Something that DOES make sense to me is this: Those in charge at Area 51, knowing that in this day and age they can no longer get away with just denying the facility exists, knowing that the Internet has made it possible for the common man to learn more, much more, about them and their base than they would like, would instead resort to a secondary kind of smokescreen. That they’d use a conspiracy theory to further their own ends. That they’d hint at a shadowy cover-up of the facts, just not the REAL shadowy cover-up, in order to protect those facts. As I said, I believe Ms. Jacobsen is reporting with complete honesty the things she was told. But was she told the REAL truth? It’s all smoke and mirrors, and puzzles within puzzles. It is worth noting that Ms. Jacobsen herself admits in her book that she doesn’t know why her sources chose her to reveal their secrets to, or why they did so at this time. Maybe because she’s a credible reporter, highbrow news rather than tabloid, and thus more likely to be believed. As for why now, I’ve already made my guess. The cat’s partially out of the bag.

Or she could have it right. Nazi-created mutants instead of aliens. Who knows. Certainly not me. It’s interesting to read about, either way. For me, it’s all about a good story, anyway. Always.

Several years ago, my buddy Scott (renowned Historical Fiction and Fantasy novelist Scott Oden) and I went on a long road trip to the American Southwest. Scott was going through an ugly divorce and I thought it best for him to get away for awhile. As I was planning a trip and would welcome the company, I dragged him along. We went through Cross Plains, Texas, home of the legendary writer Robert E. Howard, most famous as the creator of Conan the Barbarian. We saw dinosaur footprints and a meteor crash site where the meteorite in question had landed on a wooly mammoth. (You can’t make this stuff up, folks.) We saw Carlsbad Caverns, on a day (and night) when their famous flock of bats refused to put in an appearance. And we drove into Roswell.

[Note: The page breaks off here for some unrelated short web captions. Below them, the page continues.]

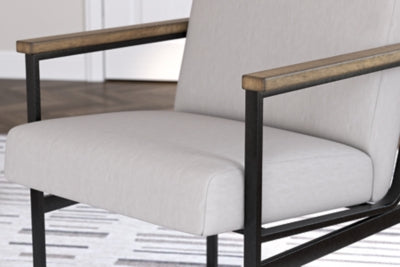 Ashley Montia Light Brown Home Office Desk Chair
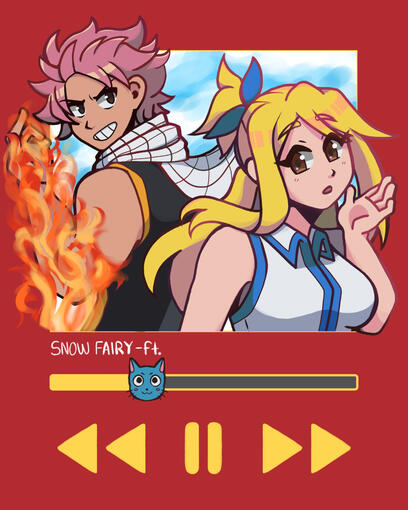 Snow Fairy- Fairy Tail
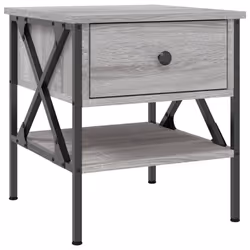 VidaXL 825960 nightstand/bedside table Oak - Additional view 5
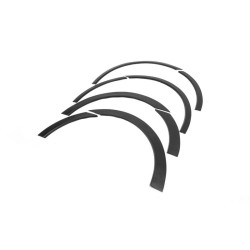 Купить Накладки на арки (SW, 6 шт, черные, ABS-пластик) для Toyota Avensis 2009-2018 гг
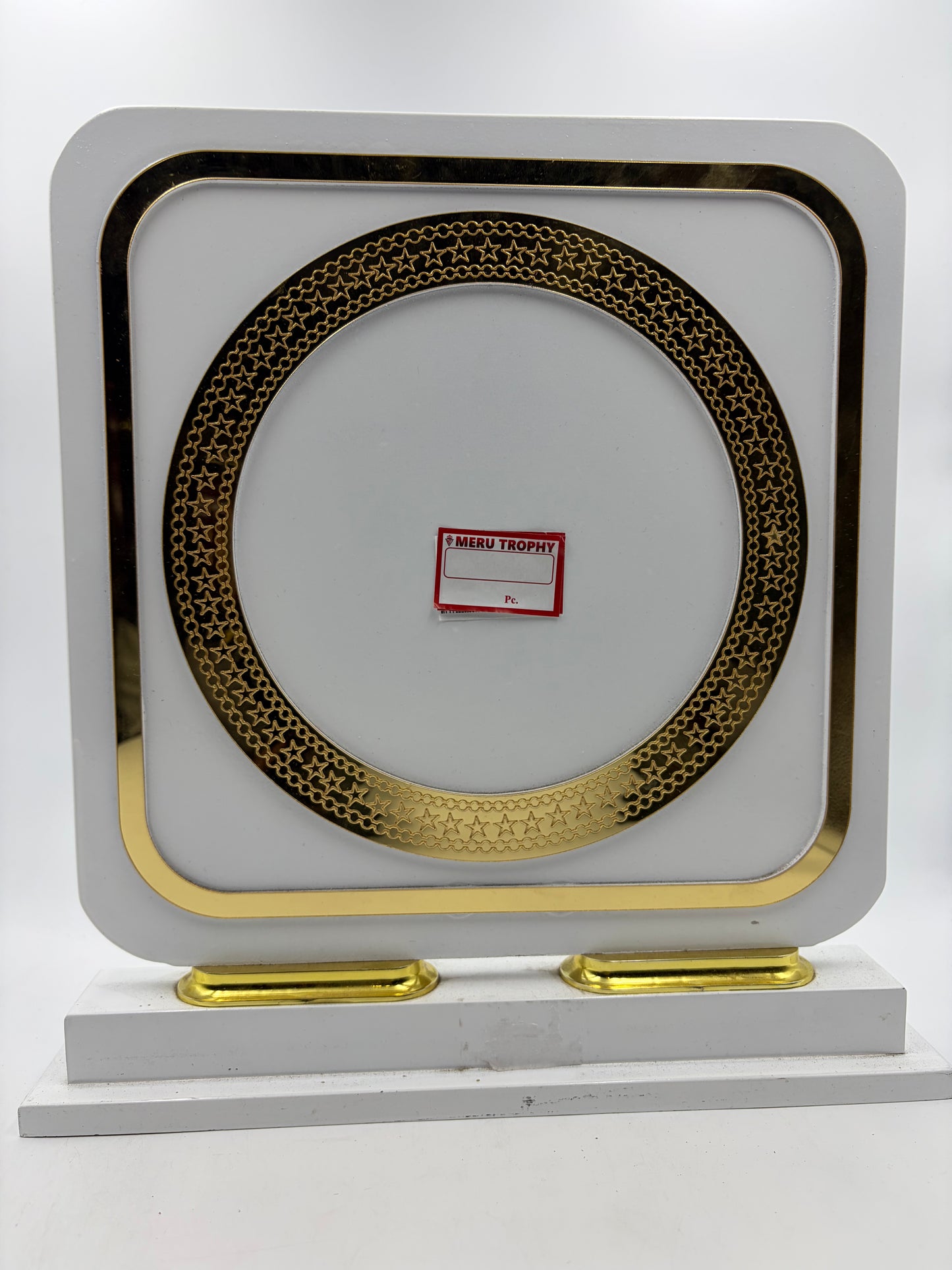 Wooden Memento Trophy Recognition Awards - Custom Awards & Trophies CP-126-B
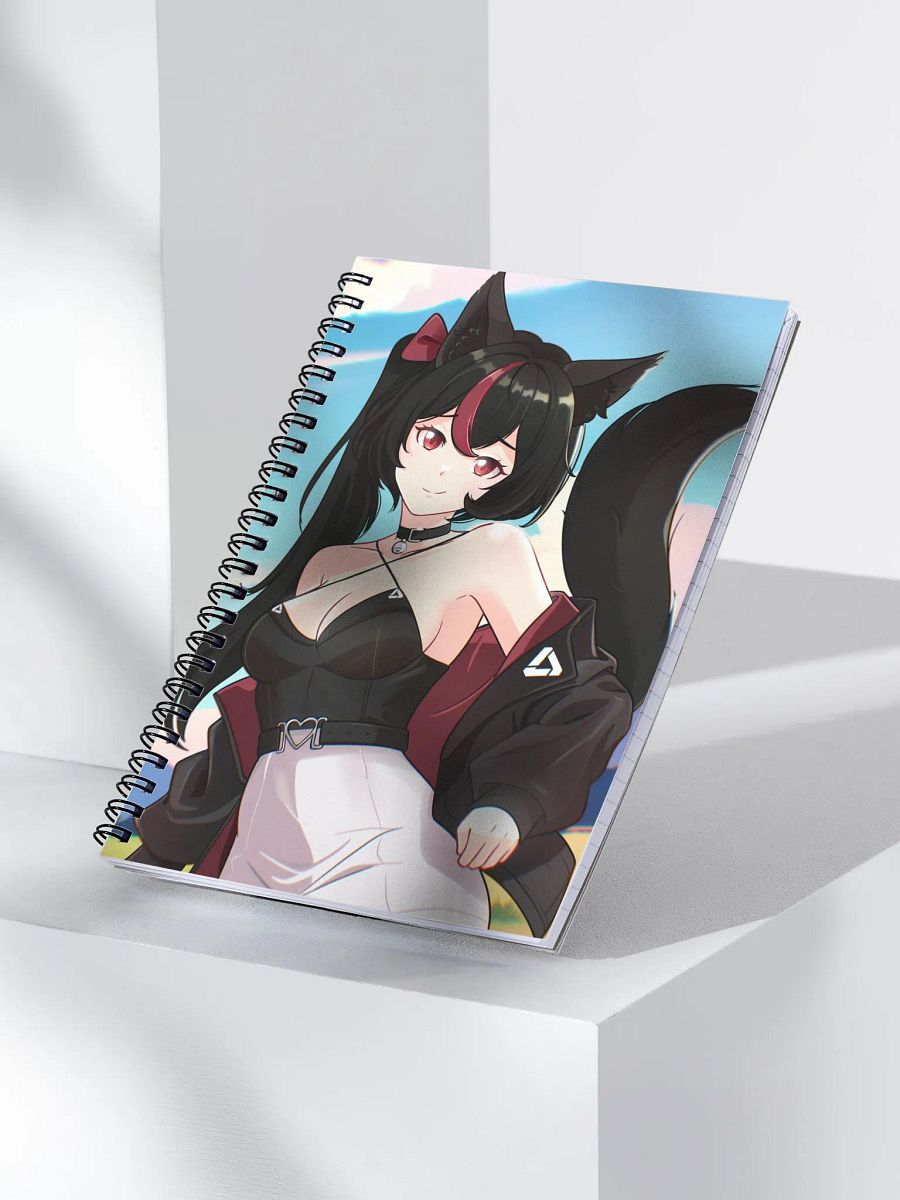 Kitsune Charisma Spiral Notebook product image (3)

Roswell, New Mexico ought to be thankful for that UFO crash back in the 40s. It turned what would otherwise be a typical southwestern ranch town into a tourist mecca. They have a cool UFO Museum there now, dedicated to all things concerning the crash. They have an annual UFO Festival. There are also a few other “unofficial” UFO-themed tourist traps, to which Scott and I gladly contributed money. And, as one might expect, Roswell is now home to its share of crackpots. We saw a perfect reproduction of the pyramid complex in Giza, rendered in limestone gravel (just like what’s lining every rural driveway and back road in the country—again, you can’t make this stuff up). And when we went into this one little UFO “museum” slash general store, literally as soon as we’d walked in the door and the little electric chime had sounded, the guy behind the counter, with sweaty forehead, leering countenance and eyes as wide as a crystal meth tweaker, leaned out across the countertop and shakily asked us: “So, you two ever seen any ALIENS?!!” We politely replied that we’d only made contact with the South-of-the-Border kind and quickly left the establishment.

I do have to wonder if that guy has read Ms. Jacobsen’s book, and if so what he thinks of it. Does it make him happy or angry to have a NEW new conspiracy theory to dwell on? If he still owns that little junky store, does he now lean out over the counter and unnerve his customers by demanding: “Have you ever seen any genetically-modified Nazi Russians?!!”

Doesn’t quite have the same ring to it, does it?